Why Copper Is the Standard
Not all metals conduct equally well. Silver is the best natural conductor, with a resistivity of 1.59 × 10⁻⁸ ohm-meters. Copper comes in a close second at 1.68 × 10⁻⁸, followed by gold at 2.44 × 10⁻⁸ and aluminum at 2.82 × 10⁻⁸. The differences are small but meaningful at scale.
Copper dominates electrical wiring because it’s nearly as conductive as silver at a fraction of the cost. Aluminum, despite being a worse conductor, shows up in high-voltage overhead power lines because it’s lighter and cheaper. The tradeoff is that aluminum wires need to be thicker to carry the same current safely. Gold appears in electronics connectors not because it conducts best, but because it resists corrosion, keeping contact points reliable over time.
The Special Case of Zero Resistance
Certain materials, when cooled to extreme temperatures, lose all electrical resistance entirely. In this superconducting state, current flows without generating any heat whatsoever. A current started in a superconducting loop would theoretically circulate forever.
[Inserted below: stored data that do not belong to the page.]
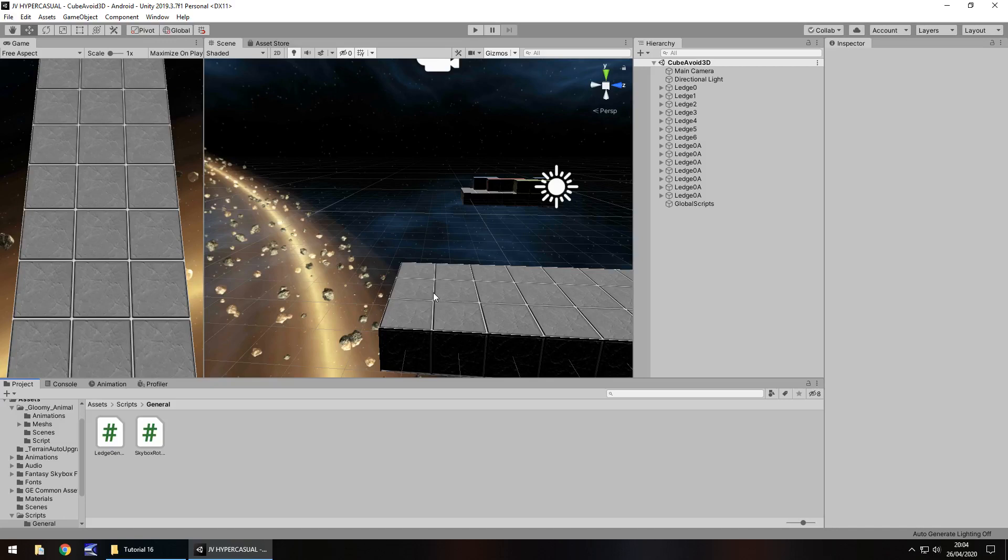Hello there, I'm Jimmy Vegas and this is how to create a hyper casual game in Unity and welcome to episode 16.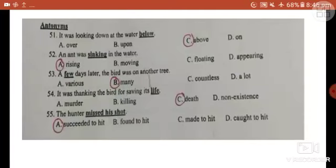At the end, remember that practice makes a man perfect. Try to put these things into practice so that you will be able to comprehend any text very easily.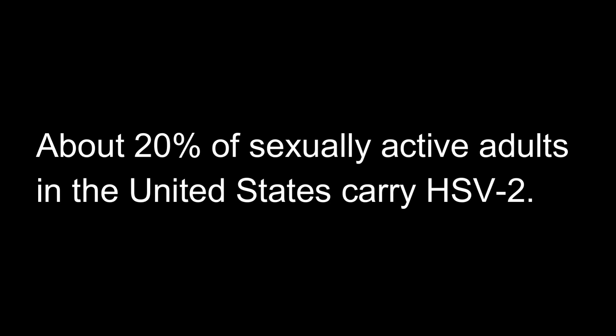A person usually gets HSV-2 through sexual contact. About 20% of sexually active adults in the United States carry HSV-2.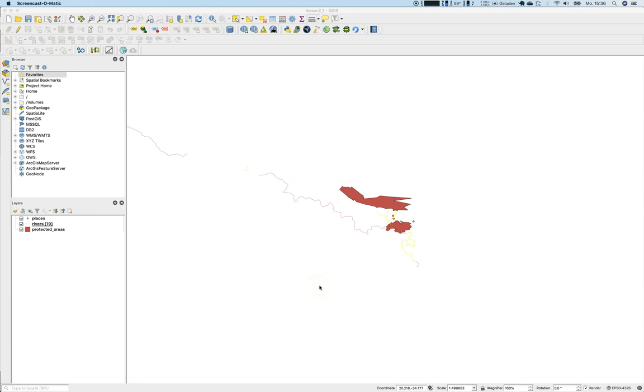Hello and welcome to this intermediate lesson. We are preparing lesson number 2.3 and for this we need some additional data. We will start with the material that is part of lesson 2.2, which includes layers of places, rivers, and protected areas.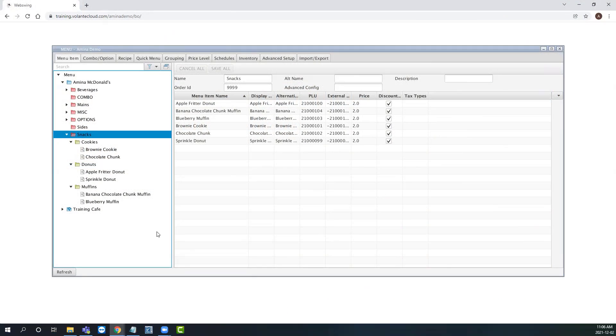In this video, we will be looking at how to navigate and edit the quick menu. The quick menu is what our cashiers will be working with at our point of sale terminal. We will be editing the layouts and the actual buttons within them for our cashiers to press.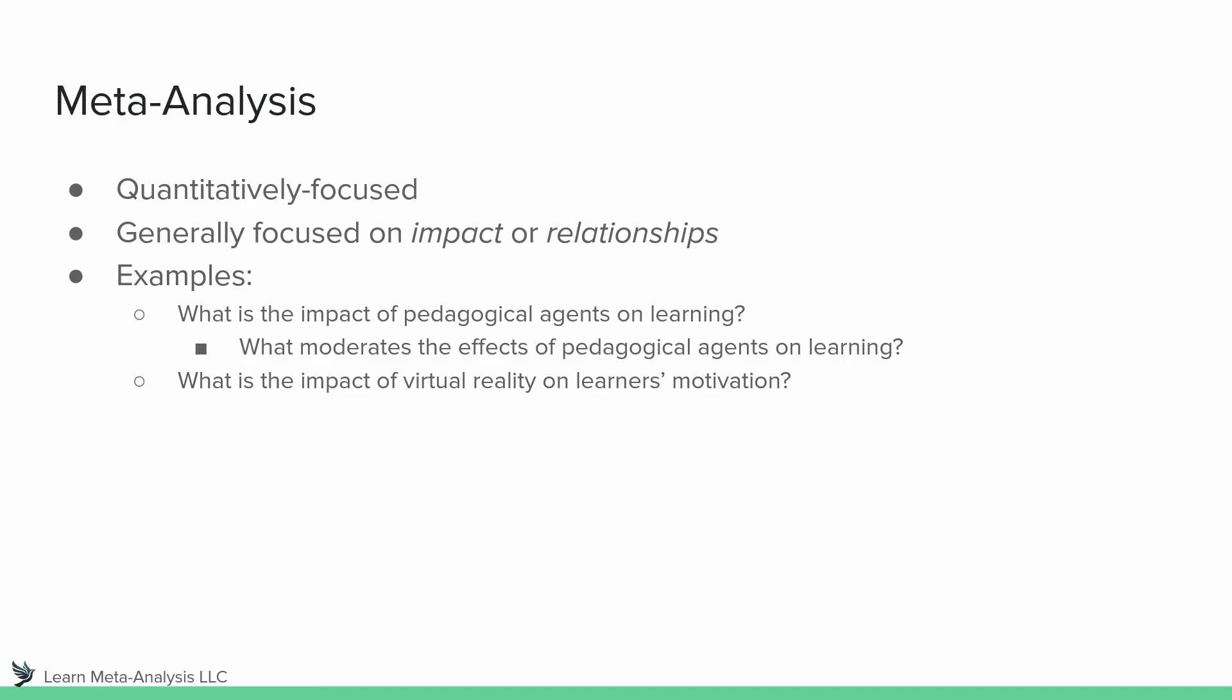Second, what is the impact of virtual reality on learners' motivation? And what moderates these effects? So similarly, we would have some sort of theory-driven moderators to help us determine if some of these other factors that theory suggests might impact the overall effect size actually do or not.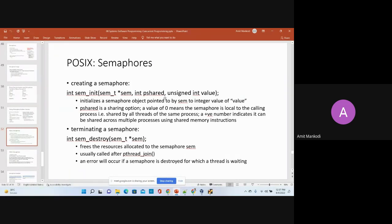To initialize a semaphore you have three parameters: the semaphore variable, a shared flag (for inter-process sharing), and the value with which you want to initialize your semaphore. The value determines how many locks are available — it can be 5, 10, or 1 depending on how many resources you want to control. That is why we call it a counting semaphore.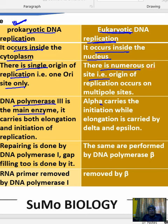In eukaryotes, DNA polymerase alpha carries out initiation, while elongation is carried out by DNA polymerase delta and epsilon.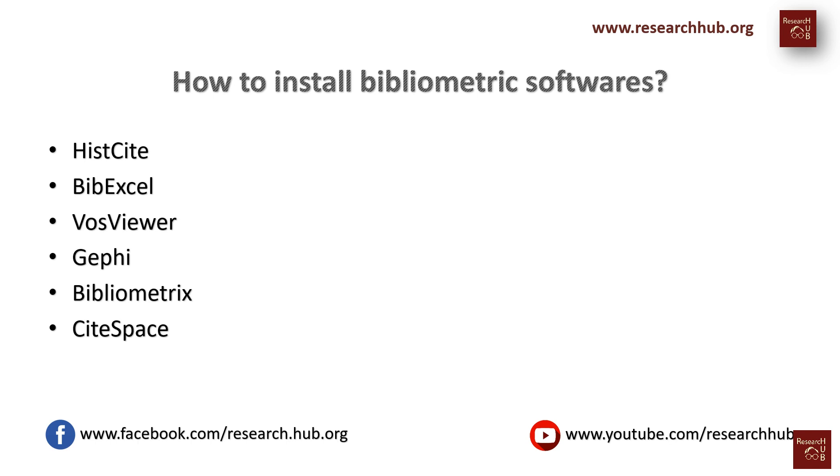Hello everyone, so we already made quite a lot of videos using different bibliometric softwares and some of you have commented on the videos asking how to actually install these softwares.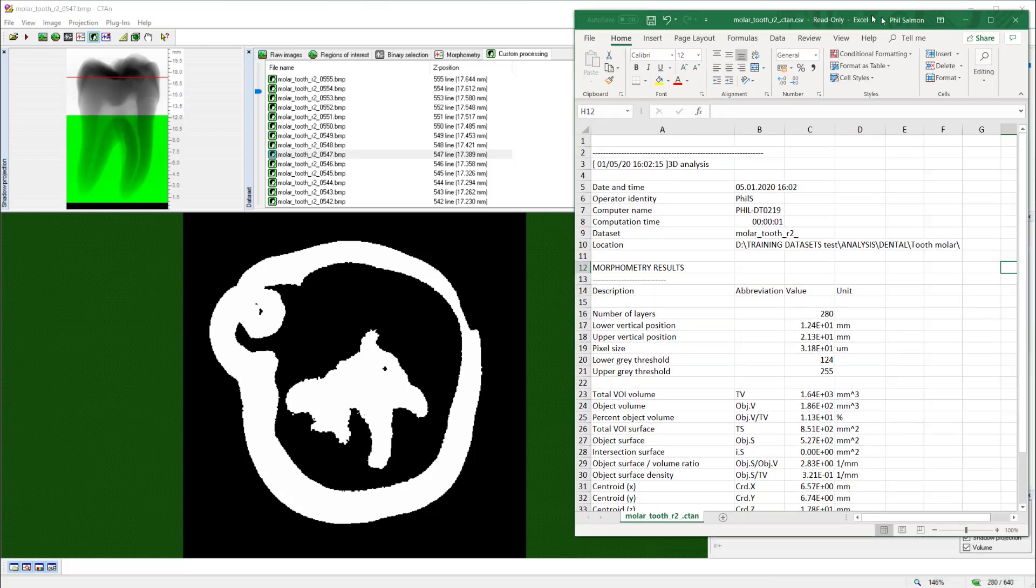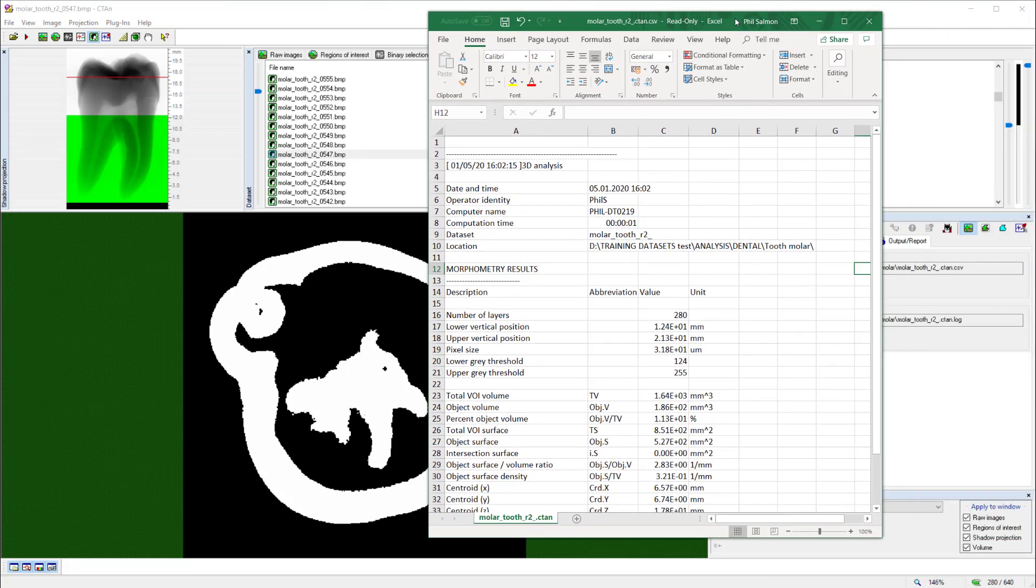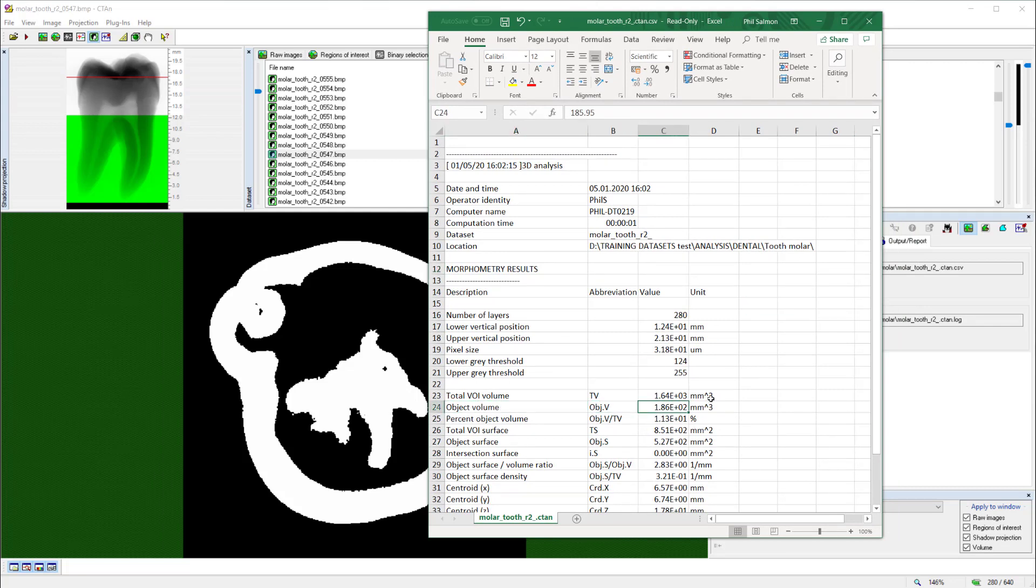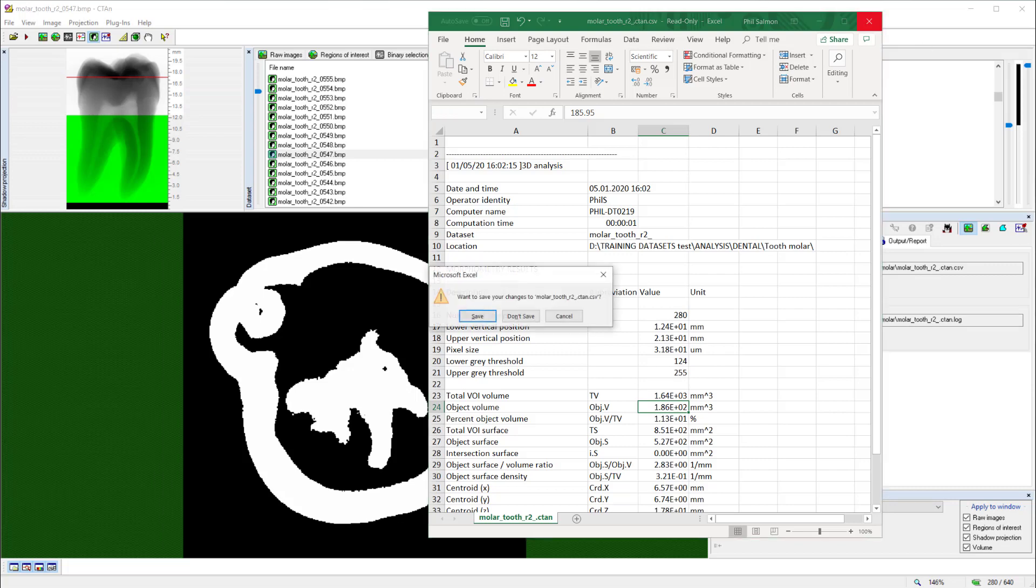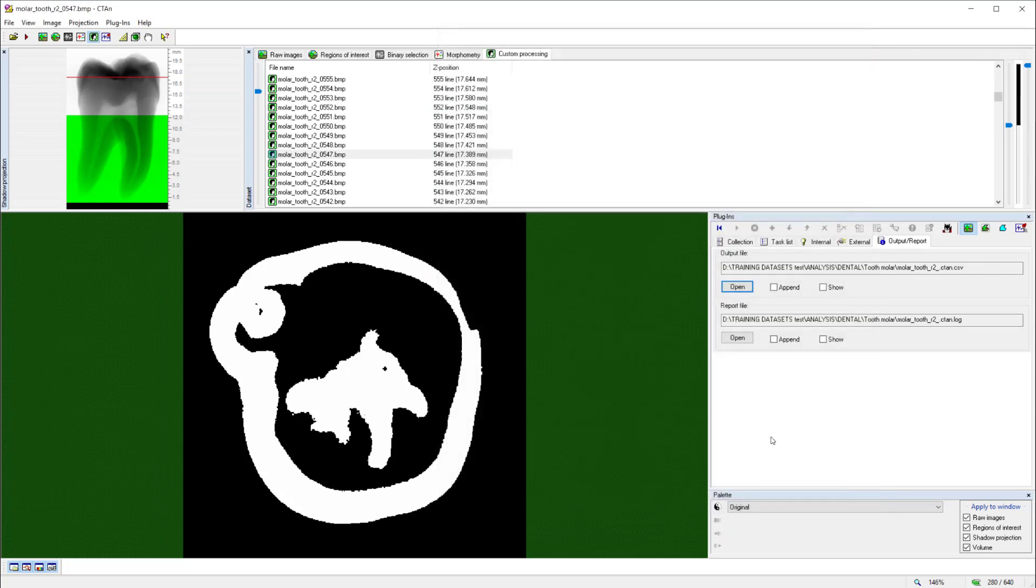If I move that into our window so that we can see that, we can see that the object volume, the volume of all the binarized pixels, is this number right here, which is 185.95 millimeters cubed. So about one-fifth of a milliliter of enamel in our tooth.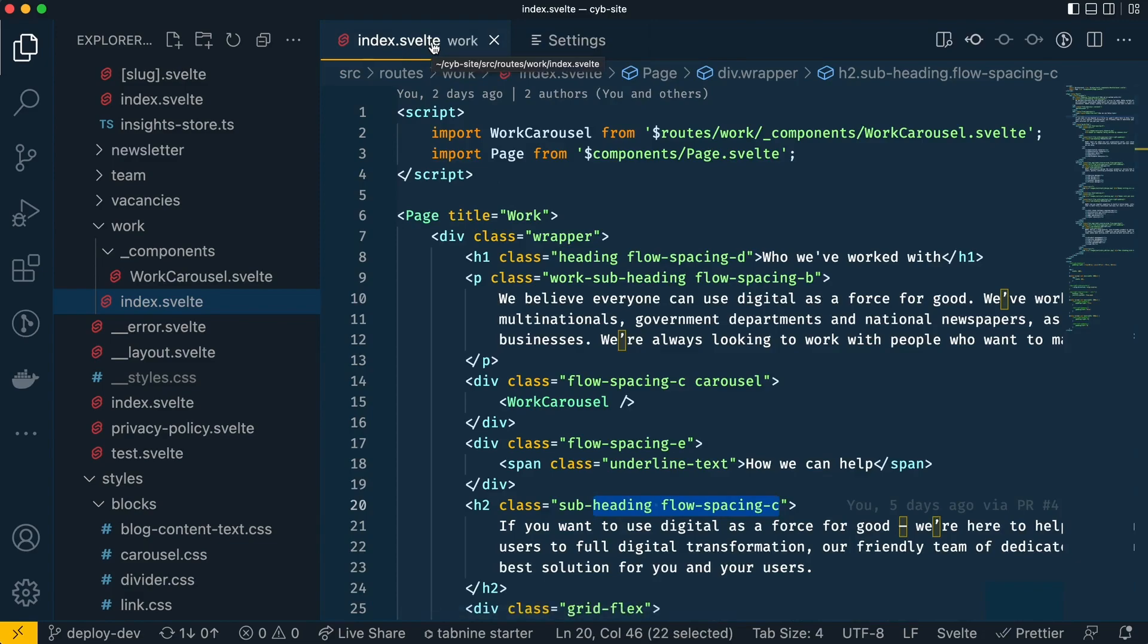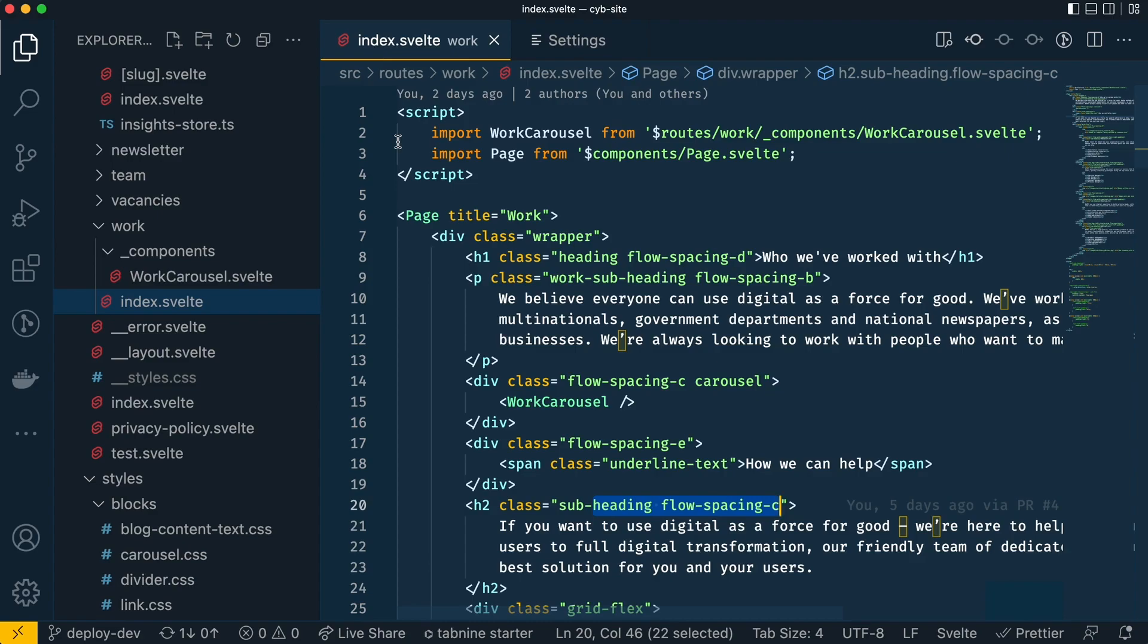So it's much quicker and easier for me to see the parent folder of the index.svelte file than it would have been if I had to use the breadcrumbs or the left file navigation. Now don't get me wrong, looking at the breadcrumbs is really quick but it is a lot quicker just to see the folder name in the tab.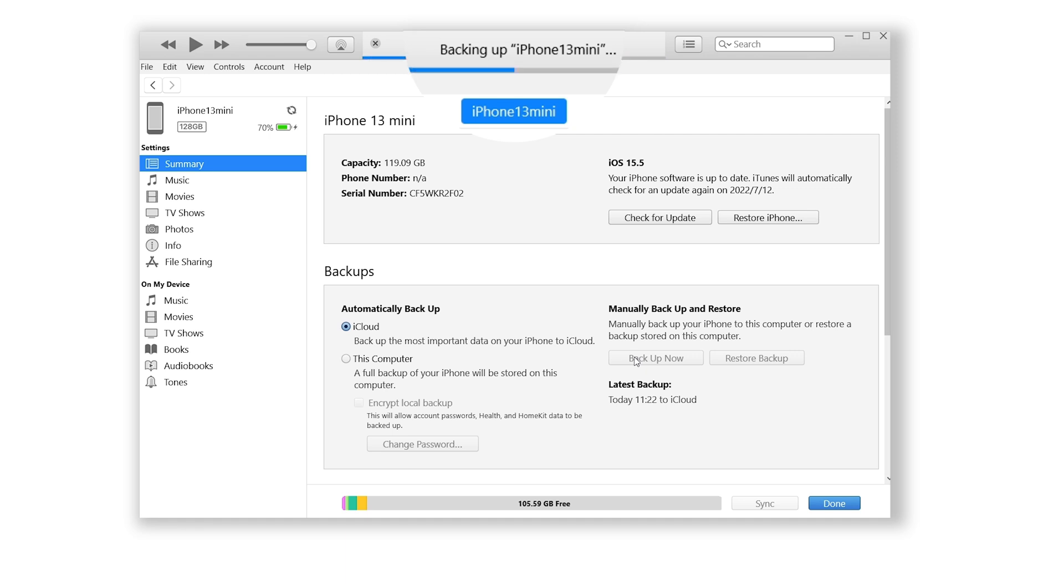Once the backup is finished, you can see the latest backup information, and you can choose to restore your backup when you need.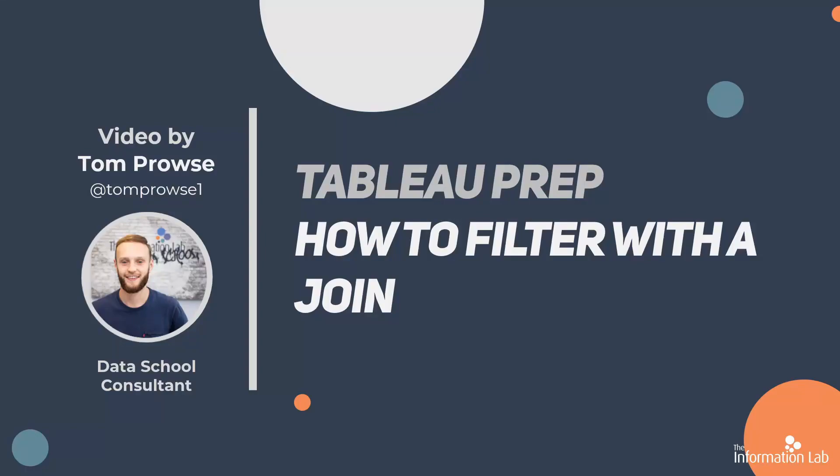Hi, my name is Tom Prowse and I'm a data school consultant at the Information Lab. Within this session I'm going to talk about how we can use a join to help us filter out data within Tableau Prep.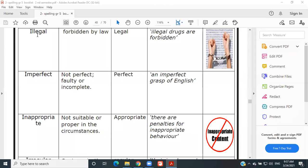Illegal — forbidden by law. Example: 'Illegal drugs are forbidden.' By the way, even legal drugs can be harmful — don't do drugs, never.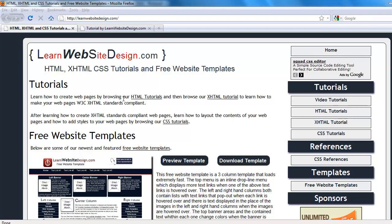This is a tutorial from learnwebsitedesign.com and this tutorial is going to cover how to add styles to your web pages using internal style sheets and external style sheets.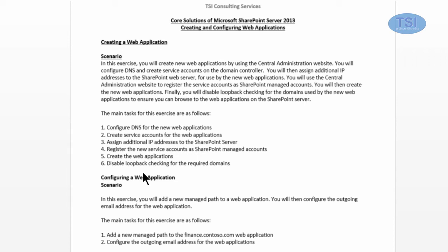In core solutions of SharePoint 2013, creating and configuring web applications. The first thing we're talking about is creating a web application.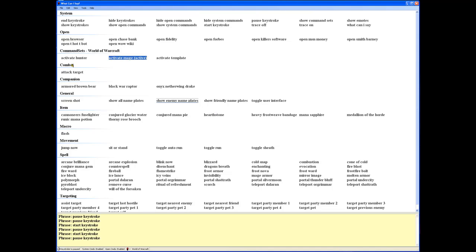You've got combat, companion, general, item, macro, movement, and more, and you can set up any category you want when you create a template. Also part of Keystroke this time, we have a new add-on that we've added.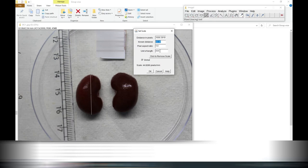Here you can write the length. What is the length of this kidney and likewise other kidney you can measure.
The catch is temperature. Most known superconductors only work below roughly negative 230°C to negative 270°C, depending on the material. Recent work at SLAC National Accelerator Laboratory has stabilized a new class of nickel-based superconductors that transition at around negative 231°C to negative 247°C at normal pressure, though achieving true zero resistance required cooling to negative 271°C, just two degrees above absolute zero. Practical, room-temperature superconductors remain out of reach, but the materials keep improving.
Superconductors are already used in MRI machines, particle accelerators, and some power transmission projects where the cost of extreme cooling is justified by the efficiency of lossless current flow.